Large panes of reflective glass have been altered to only reflect certain blue and yellow wavelengths of light, but the alteration was made while the glass was forming so it doesn’t have the artificial feel that you would associate with a colour filter.

As you walk around the room surrounded by these ‘mirrors’ what you see is a mildly surreal reflection of yourself and everybody else in the room. This exhibit highlights the link between colour and emotions, as a yellow reflection of you seems brighter and more hopeful while the blue reflection creates a more sombre tone – this may not be the reason why the expression ‘feeling blue’ came about, but after seeing your reflection in Hefti’s work you’ll think it should be.

However, the highlight of the exhibition is on display outside the gallery — two photographs of the patterns created when Lycopodium spores are burnt over photosensitive paper (Lycopodium being a type of club moss). Burning spores should create random patterns but the seamless interaction of the intense colours provides the illusion that Hefti has precisely directed the spores to create the effect he was after.

Though the photographs were created by tiny spores, they seem like representations of an event on a much grander scale with one photograph resembling a tumultuous ocean filled with different coloured dyes and the other an exploding star.

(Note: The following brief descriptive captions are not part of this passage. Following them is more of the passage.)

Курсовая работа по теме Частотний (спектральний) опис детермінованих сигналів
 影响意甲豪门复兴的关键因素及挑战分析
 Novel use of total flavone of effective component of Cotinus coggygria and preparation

9 x 11 = 99 (detail), 1972
305 sheets of paper, handwritten with pencil, ballpoint pen and felt pen, a few collages 
Courtesy Camden Arts Centre and Konrad Fischer Galerie, © The estate of the artist

Hanne Darboven

This is also the first UK solo exhibition for Hanne Darboven, a German conceptual minimalist artist. The walls of both galleries are covered with her writings, musical compositions and drawings. The content of these notes ranges from geometric shapes to indecipherable scribbling.

One of the larger installations is an entire wall of her notes and their lack of coherence makes it feel as if the gallery is displaying what was found on the wall of a serial killer’s home – or at least Hollywood’s interpretation of a serial killer’s wall.

As the notes are often illegible or unintelligible they feel as if they are her private scribblings and not for public viewing. This, coupled with her writing desk in the middle of the gallery, provides a sense of both intimacy and intrusiveness, as if you’ve been allowed, or trespassed, into the artist’s mind. This is heightened by the knowledge that Darboven died in 2009.

At the same time, the private nature of the notes is also what makes this exhibition difficult to penetrate for the viewer. Though we’ve been brought into the inner sanctum of the artist, it feels as if a cipher is needed to decode her work fully and understand her innermost thoughts.

This lack of complete understanding might leave a bitter aftertaste for many viewers as they may feel as if they’ve been led halfway only to find an insurmountable wall preventing them from making the most of Darboven’s work.

By Tabish Khan

Raphael Hefti: Launching Rockets Never Gets Old and Hanne Darboven's work are on show at Camden Arts Centre, Arkwright Road, London, NW3 6DG from until 18 March. Entrance to both is free.